• **Task directions**
Check each line below for the word "apparato" and give the number of lines that have it, nothing more.

• **Dataset records**

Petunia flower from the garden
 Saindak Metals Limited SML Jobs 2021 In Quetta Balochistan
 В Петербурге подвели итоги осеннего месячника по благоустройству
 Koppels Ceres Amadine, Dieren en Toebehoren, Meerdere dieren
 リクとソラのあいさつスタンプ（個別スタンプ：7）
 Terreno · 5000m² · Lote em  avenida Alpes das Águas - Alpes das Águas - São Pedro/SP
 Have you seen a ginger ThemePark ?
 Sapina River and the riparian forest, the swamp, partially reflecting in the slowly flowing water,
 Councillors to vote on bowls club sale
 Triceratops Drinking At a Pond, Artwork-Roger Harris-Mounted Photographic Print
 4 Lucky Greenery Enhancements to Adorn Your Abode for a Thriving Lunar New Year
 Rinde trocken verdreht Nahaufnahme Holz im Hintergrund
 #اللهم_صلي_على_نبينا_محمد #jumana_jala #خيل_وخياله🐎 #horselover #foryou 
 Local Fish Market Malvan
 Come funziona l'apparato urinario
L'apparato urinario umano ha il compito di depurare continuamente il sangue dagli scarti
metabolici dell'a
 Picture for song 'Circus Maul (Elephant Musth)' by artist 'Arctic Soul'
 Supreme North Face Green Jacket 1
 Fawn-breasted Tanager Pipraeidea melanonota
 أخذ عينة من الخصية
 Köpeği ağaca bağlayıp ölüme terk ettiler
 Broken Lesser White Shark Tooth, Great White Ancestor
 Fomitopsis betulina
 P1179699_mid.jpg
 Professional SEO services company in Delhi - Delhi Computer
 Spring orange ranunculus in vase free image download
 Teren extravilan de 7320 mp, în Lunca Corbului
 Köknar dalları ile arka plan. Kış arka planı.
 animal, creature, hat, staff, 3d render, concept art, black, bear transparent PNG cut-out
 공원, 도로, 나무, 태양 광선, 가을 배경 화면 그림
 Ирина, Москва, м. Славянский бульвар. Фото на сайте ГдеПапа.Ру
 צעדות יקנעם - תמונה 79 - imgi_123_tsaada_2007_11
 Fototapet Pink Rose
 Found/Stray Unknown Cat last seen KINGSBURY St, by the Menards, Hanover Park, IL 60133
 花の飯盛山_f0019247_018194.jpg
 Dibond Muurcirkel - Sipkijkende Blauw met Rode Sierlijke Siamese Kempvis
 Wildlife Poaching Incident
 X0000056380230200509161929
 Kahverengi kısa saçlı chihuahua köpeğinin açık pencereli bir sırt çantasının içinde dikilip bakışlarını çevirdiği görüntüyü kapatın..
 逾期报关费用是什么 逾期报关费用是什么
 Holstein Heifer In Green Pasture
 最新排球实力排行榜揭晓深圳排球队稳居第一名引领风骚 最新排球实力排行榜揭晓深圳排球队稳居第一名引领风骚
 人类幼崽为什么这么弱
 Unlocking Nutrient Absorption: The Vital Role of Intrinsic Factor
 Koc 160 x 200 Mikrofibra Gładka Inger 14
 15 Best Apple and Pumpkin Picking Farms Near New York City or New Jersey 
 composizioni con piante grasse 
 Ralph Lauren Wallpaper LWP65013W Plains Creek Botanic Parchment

• **Solution**
2